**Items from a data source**
■ ■ ■ ■ ■

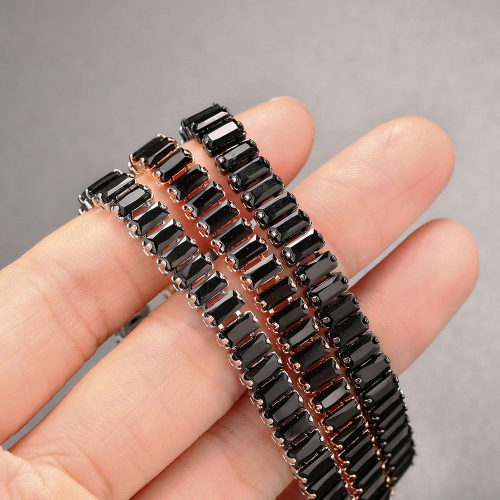 Black Crystal Tennis Bracelets for Women & Men Luxury Iced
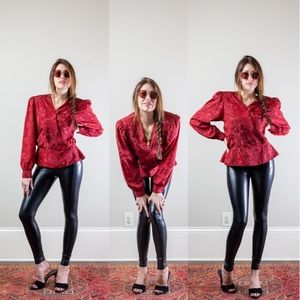 NICOLA Red Long Sleeve V-Neck Shoulder Pad Blouse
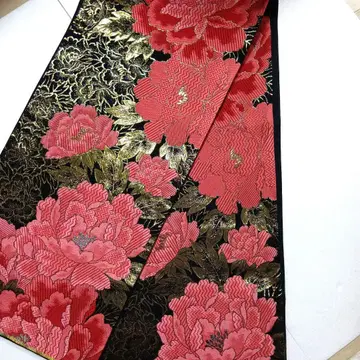 후쿠로 오비 후리소데용 모던 작약 꽃무늬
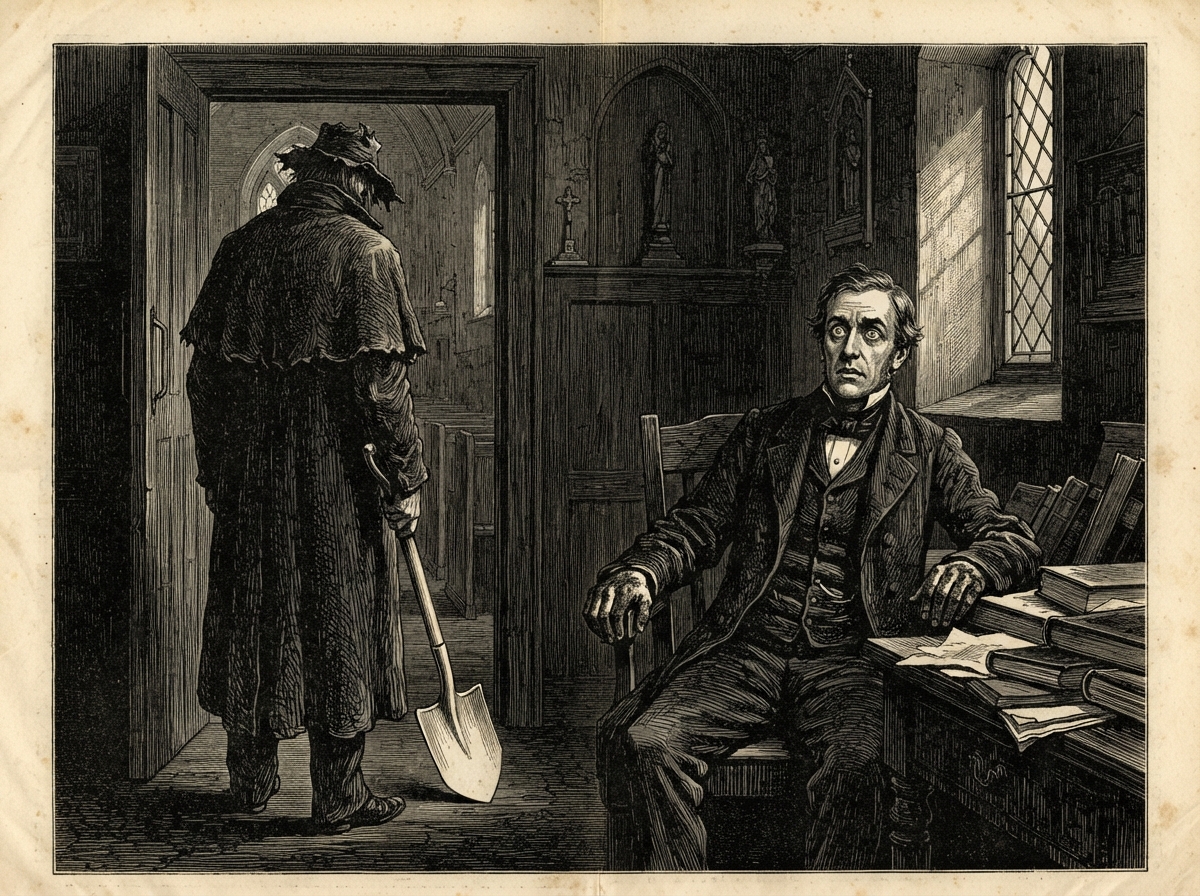 A small vestry with a narrow window and grey dawn light. A grey-faced physician sits bolt upright in a chair, eyes wide open, his sleeves and hands black with earth. In the doorway, a tall coated figure with no face turned toward the viewer stands holding a clean spade.
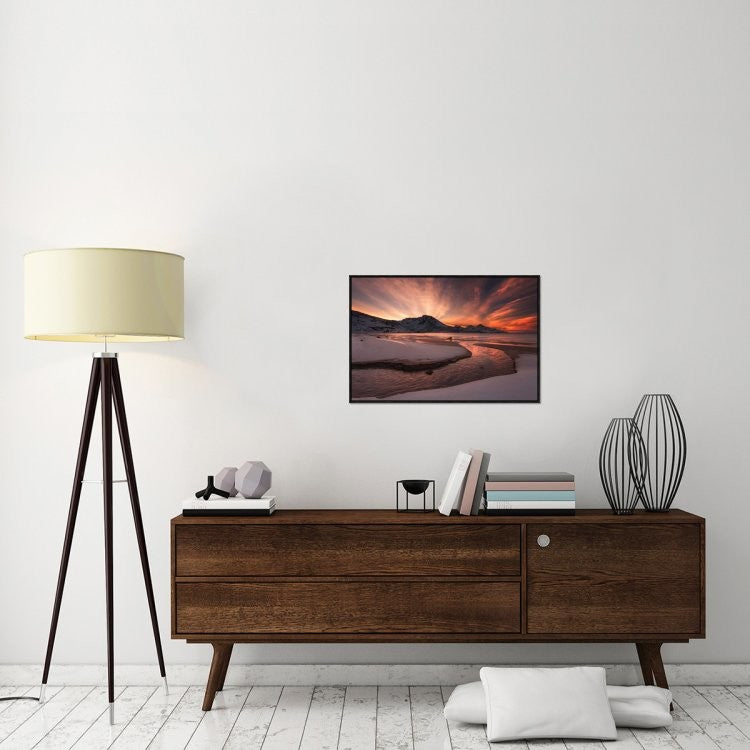 "Golden Sunset" Framed Canvas Giclee by Jaroslav Zakravsky, 31x21"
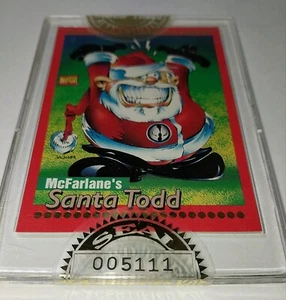 1992 Wizard Press Magazine Santa Todd Card COA Todd McFarlane - Picture 1 of 11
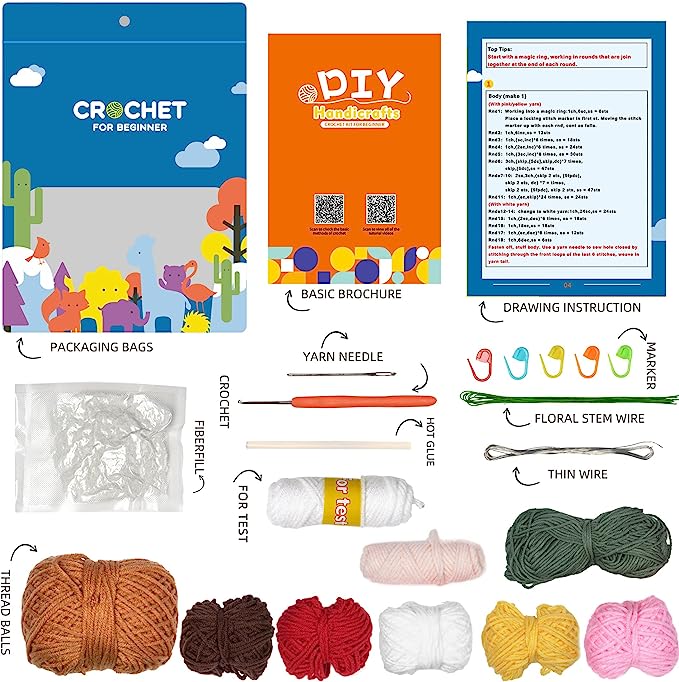 Crochet Kit for Beginners, Handmade Strawberry Plant Potted Crochet Knitting Kit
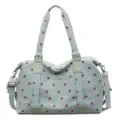 Light blue corduroy travel duffel bag with cute red strawberry print, large capacity. - Green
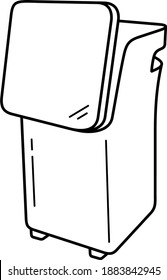 Medical portable oxygen concentrator. Vector outline illustration.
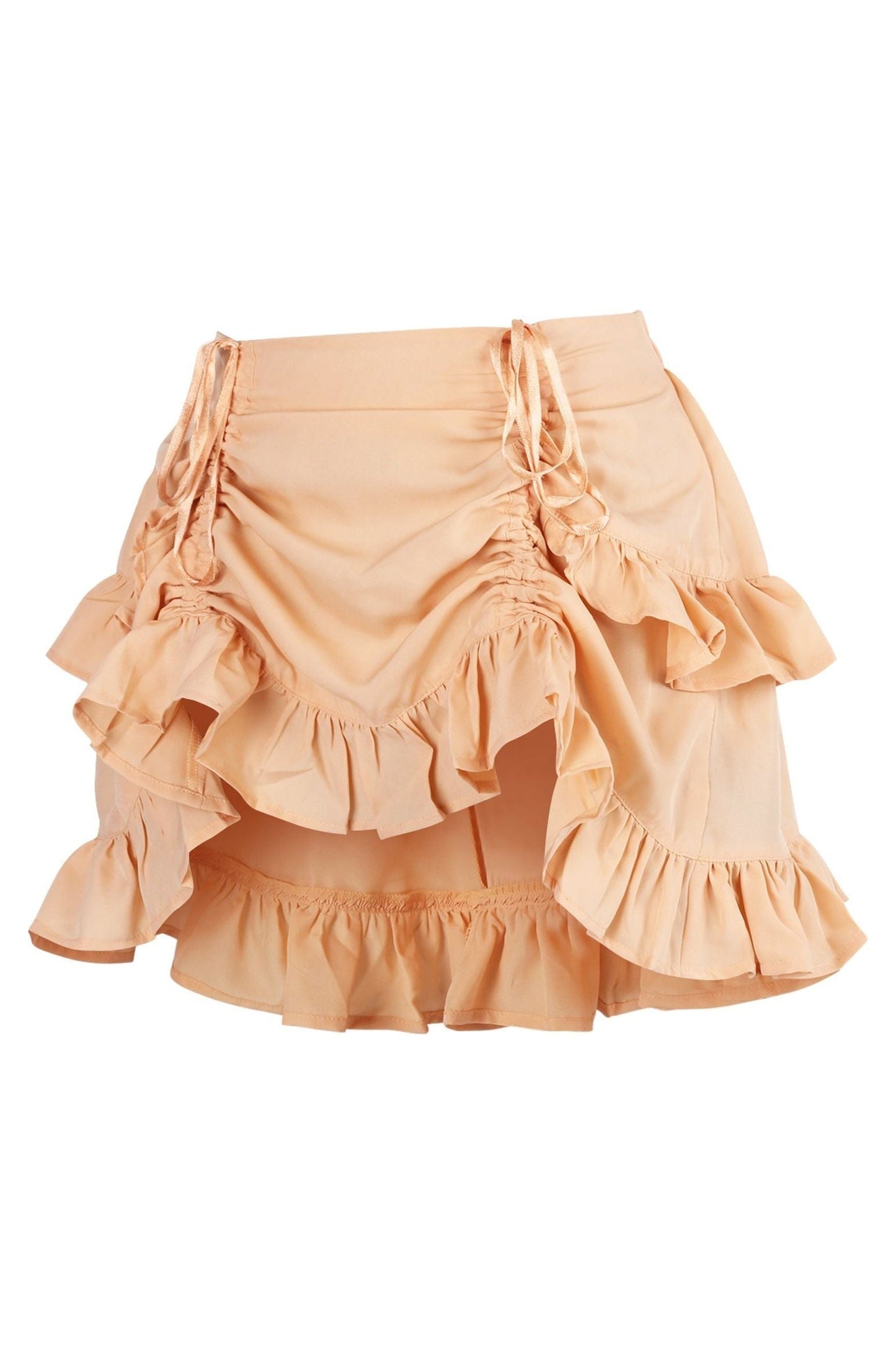 Beige Crepe Ruched Bustle Skirt.
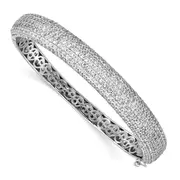 Sterling Silver Shimmer Rhodium-Plated 360 Stone Cz Pav Hinged Bangle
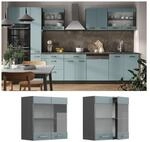 Vicco Glash&auml;ngeschrank K&uuml;chenschrank R-Line Solid Anthrazit Blau Grau 60 cm modern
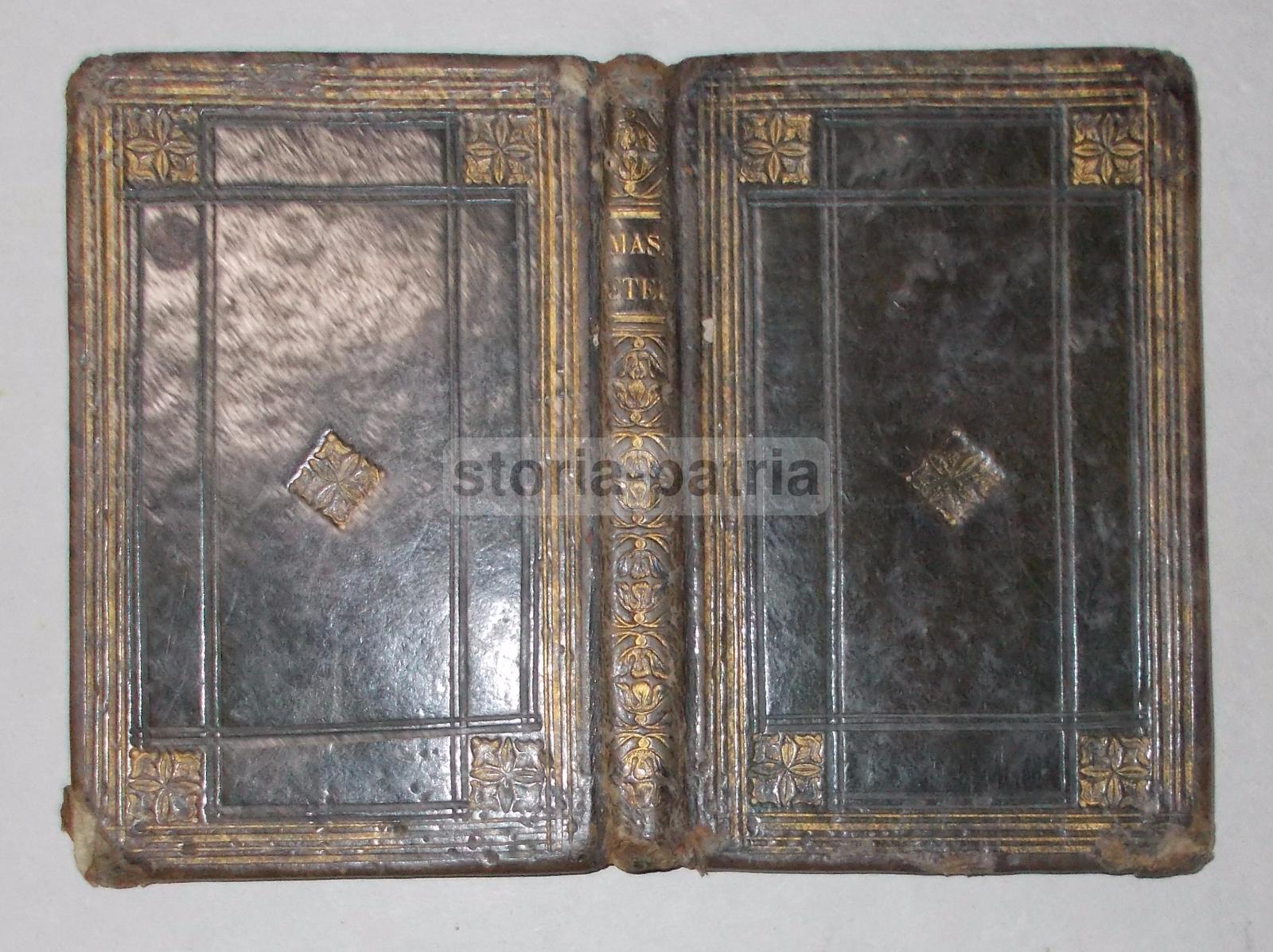 Antica Legatura, Graziose Dimensioni, Piatti In Pelle Con Fregi Incisi E Dorati immagine 3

■ ■ ■ ■ ■

**Task statement**
In the entries above, find the line containing "Crochet Kit for" and the line containing "Medical portable oxygen", then copy both and every line between them exactly, without any picture.

**Reply**
 Crochet Kit for Beginners, Handmade Strawberry Plant Potted Crochet Knitting Kit
 Light blue corduroy travel duffel bag with cute red strawberry print, large capacity. - Green
 Medical portable oxygen concentrator. Vector outline illustration.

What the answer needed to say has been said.